Pero esto no tiene que confundirnos. El verdadero judaísmo no está estrictamente representado por los esforzados israelitas que luchan, tengan razón o no, valientemente, por lo que consideran su tierra, su patria y que, probablemente, sean solo carne de cañón de intereses mucho más grandes. El judaísmo que nos interesa es el que, desde la herencia del Talmud y la Cábala, vive soberbiamente la conciencia de tener el destino histórico de iluminar a la humanidad frente al oscurantismo cristiano y el orden del derecho romano y natural.
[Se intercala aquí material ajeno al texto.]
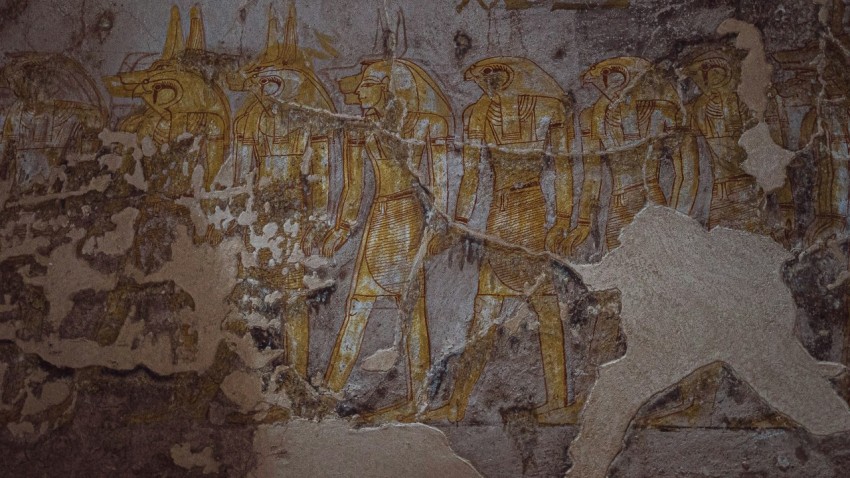ancient carvings on a wall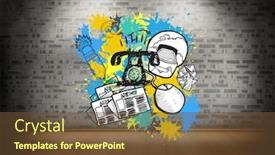  Presentation with wall paint - Audience pleasing theme consisting of business graphics on paint splashes against room with brick wall backdrop and a tawny brown colored foreground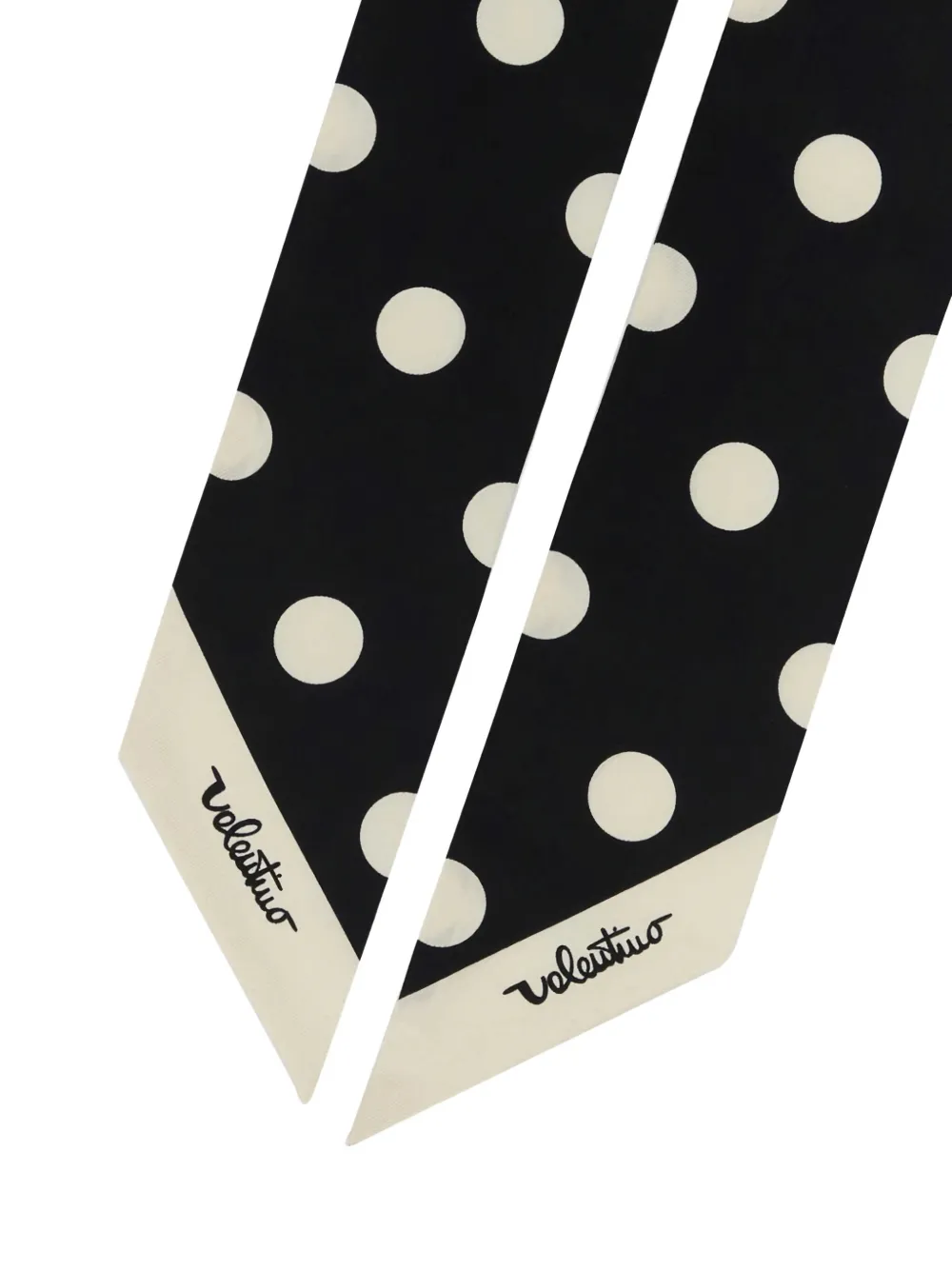Valentino Garavani polka dot silk foulard - Zwart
El que ha estado detrás del nacimiento de la masonería, del protestantismo, de la revolución francesa, del marxismo...
Coincida o no con la raza o con una determinada etnia o tradición o simplemente con la utopía gnóstica de la rebelión adámica, el fariseísmo -más allá de los judíos-, representará siempre todo intento de lo puramente humano de hacer surgir de ello lo divino, lo definitivo... No hay que olvidar que San Agustín llamaba a Pelagio y sus adeptos " cristianos que quieren volver a ser judíos ".
El evangelio de hoy nos presenta esas dos actitudes: el fariseo que, soberbio, viene a ostentar orgulloso, bajo falsa religiosidad, sus realizaciones humanas, y el publicano que, consciente de sus límites, de su creaturidad, de su impotencia y de su pecado sabe que la gracia -la 'justificación' en el lenguaje bíblico-, solo puede recibirse por don de Dios. A hombres y mujeres como él llegará el mensaje de Cristo, el espíritu de vida que mana de la cruz. Y, mientras los fariseos se quedan con el mundo, se hacen dueños de los derechos humanos, de los gobiernos mundiales, de las máquinas de guerra, de las cárceles, de los tribunales y de los bancos, de los medios de comunicación... son los publicanos, los redimidos por Jesús, quienes finalmente obtienen la vida verdadera, la justificación, el cielo.